BLAS libraries initially designed for CPUs [
3,
4,
5,
6] use simple buffers in GPU memories to support some data caching, and cuBLASXt [
7] follows the same design logic. Unfortunately, simple buffering is only sufficient for internal GPU caching, which fares well on a single GPU. Its performance degrades rapidly as the number of GPUs increases, since it neglects the very fast connections between discrete GPU memories modern interconnects offer [
9]. In this work, we employ a GPU data caching scheme to reduce unnecessary communication and maximize data reuse.

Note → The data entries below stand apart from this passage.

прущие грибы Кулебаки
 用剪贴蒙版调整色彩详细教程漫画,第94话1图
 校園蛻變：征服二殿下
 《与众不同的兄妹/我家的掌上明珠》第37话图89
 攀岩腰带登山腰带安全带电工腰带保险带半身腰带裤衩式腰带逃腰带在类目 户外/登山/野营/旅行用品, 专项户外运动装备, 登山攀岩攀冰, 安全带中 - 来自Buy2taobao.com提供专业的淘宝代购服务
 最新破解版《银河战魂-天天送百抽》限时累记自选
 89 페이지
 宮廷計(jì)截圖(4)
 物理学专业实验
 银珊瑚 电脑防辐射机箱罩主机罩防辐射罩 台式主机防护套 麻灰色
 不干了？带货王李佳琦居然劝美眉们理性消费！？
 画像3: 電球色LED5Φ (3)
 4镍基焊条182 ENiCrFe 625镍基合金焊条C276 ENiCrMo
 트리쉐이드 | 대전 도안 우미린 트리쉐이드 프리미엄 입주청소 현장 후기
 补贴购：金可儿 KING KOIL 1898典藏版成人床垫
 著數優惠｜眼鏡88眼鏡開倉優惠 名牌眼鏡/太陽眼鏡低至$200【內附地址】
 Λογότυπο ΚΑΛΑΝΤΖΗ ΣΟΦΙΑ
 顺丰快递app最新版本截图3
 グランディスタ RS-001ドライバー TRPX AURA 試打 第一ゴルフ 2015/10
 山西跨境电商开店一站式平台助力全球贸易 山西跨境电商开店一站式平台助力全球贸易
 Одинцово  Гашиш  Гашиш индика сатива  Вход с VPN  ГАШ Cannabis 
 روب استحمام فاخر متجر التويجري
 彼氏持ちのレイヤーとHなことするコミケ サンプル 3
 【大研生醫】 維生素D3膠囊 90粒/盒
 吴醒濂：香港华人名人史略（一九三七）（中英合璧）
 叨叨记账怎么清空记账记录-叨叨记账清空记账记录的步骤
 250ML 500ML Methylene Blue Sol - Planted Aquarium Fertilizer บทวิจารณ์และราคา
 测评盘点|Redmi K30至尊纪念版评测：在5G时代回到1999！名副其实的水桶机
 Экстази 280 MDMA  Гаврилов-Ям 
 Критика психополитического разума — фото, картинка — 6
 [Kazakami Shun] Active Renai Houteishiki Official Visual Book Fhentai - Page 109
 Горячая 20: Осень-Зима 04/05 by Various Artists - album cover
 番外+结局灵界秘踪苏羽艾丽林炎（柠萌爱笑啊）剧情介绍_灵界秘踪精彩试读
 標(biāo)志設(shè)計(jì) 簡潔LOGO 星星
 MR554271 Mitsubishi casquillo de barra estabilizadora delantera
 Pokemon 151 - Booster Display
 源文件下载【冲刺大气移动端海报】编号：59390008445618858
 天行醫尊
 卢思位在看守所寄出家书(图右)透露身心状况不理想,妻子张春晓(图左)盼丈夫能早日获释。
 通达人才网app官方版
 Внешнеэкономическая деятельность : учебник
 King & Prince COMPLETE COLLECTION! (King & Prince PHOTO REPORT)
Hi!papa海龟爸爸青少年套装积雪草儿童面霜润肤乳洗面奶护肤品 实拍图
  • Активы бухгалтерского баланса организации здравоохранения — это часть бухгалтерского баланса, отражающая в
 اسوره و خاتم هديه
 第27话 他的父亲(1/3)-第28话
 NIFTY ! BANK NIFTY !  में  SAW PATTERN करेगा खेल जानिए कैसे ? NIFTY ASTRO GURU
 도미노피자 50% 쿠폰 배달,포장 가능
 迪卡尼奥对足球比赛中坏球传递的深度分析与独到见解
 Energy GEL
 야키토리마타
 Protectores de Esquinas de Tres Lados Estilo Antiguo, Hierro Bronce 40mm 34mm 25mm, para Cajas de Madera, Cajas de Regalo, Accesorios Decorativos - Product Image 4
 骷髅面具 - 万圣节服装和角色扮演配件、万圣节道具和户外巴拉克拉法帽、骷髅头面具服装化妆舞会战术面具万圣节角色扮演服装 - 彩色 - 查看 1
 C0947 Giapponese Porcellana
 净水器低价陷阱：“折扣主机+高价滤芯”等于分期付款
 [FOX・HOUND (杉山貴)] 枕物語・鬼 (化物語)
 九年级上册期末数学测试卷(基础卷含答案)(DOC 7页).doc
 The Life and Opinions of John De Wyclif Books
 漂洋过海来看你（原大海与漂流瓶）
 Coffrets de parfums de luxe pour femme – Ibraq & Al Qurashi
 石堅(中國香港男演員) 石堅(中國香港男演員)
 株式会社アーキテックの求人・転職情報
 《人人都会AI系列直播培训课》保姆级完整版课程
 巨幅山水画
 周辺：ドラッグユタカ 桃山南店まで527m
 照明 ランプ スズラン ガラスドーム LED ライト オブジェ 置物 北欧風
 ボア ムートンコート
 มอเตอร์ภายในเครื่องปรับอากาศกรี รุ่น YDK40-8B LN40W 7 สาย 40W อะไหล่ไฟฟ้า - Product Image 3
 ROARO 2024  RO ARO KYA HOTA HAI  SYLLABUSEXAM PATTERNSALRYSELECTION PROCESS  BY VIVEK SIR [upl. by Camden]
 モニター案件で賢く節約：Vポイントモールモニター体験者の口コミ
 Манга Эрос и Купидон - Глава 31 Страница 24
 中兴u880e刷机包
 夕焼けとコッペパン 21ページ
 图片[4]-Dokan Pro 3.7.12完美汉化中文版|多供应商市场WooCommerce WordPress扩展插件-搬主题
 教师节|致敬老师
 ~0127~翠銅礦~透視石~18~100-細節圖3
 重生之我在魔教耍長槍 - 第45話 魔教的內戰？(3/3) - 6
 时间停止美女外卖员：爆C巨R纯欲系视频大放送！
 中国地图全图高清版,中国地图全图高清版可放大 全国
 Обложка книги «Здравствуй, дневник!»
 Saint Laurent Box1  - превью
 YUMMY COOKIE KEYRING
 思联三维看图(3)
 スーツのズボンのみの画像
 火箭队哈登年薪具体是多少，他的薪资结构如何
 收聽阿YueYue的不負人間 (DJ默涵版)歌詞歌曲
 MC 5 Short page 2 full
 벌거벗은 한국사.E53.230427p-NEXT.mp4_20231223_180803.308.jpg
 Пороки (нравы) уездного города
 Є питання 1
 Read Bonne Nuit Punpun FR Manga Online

Communication routing : Routing in a multi-GPU setup refers to selecting the fastest routes for transfers between GPUs. In the context of Level-3 BLAS, the multiple GPUs require different data tiles, which need to be transferred, and peer-to-peer transfers between GPUs (henceforth
d2d) usually have considerably higher bandwidth than CPU-GPU transfers (henceforth
h2d/d2h). To enable routing optimizations for multi-GPU BLAS, two components are necessary: 1) a cache consistency-like logic for the GPU buffers, to ensure that data tiles are always up to date and their Read/Write dependencies are respected, and 2) a way to distinguish the interconnect bandwidth levels in order to select the ‘closest’ fetch location when a
read-only (RONLY) tile is available in multiple buffers. A solution like this is implemented in BLASX [
9], which provides a hardware abstraction of the underlying interconnect in a hierarchical representation, designed for communication optimization in multi-GPU systems. The hierarchical representation abstracts the system as a cache hierarchy, with the CPU RAM being the main memory and the distinct GPU memories being levels of caches. This representation favors data reuse (last-level cache ‘hits’) and the faster GPU-GPU transfers (lower-level cache ‘hits’) to CPU-GPU transfers (cache ‘misses’), while a MESI-like protocol enables sharing RONLY blocks between GPUs. Still, BLASX performance is hindered by continuously writing back to the CPU and re-fetching output (WR) blocks. Moreover, recent multi-GPU clusters from NVIDIA are connected with NVLink lanes, which may offer more than one distinguishable bandwidth ‘levels’, compared to the simple distinction between ‘h2d’ and ‘d2d’ bandwidths. XKBLAS [
10] overcomes the write-back bottleneck by performing lazy write-backs of output data. It additionally considers a heuristic ‘ranking’ of distinguishable bandwidth levels through information from the NVIDIA driver interface, and favoring transfers over device connections higher bandwidth. In our work, we also perform communication routing as a communication optimization, through a different hardware abstraction and caching scheme.
The data placement hazard : While all the aforementioned optimizations target the full-offload scenario, where all data are initially located on the CPU, BLAS multi-GPU libraries support input data on any GPU. On modern systems, CPU-GPU (h2d/d2h) transfers are inherently much slower than peer-to-peer, GPU-GPU (d2d) transfers, therefore having part of the input data available on GPUs should lead to a less communication-bound problem.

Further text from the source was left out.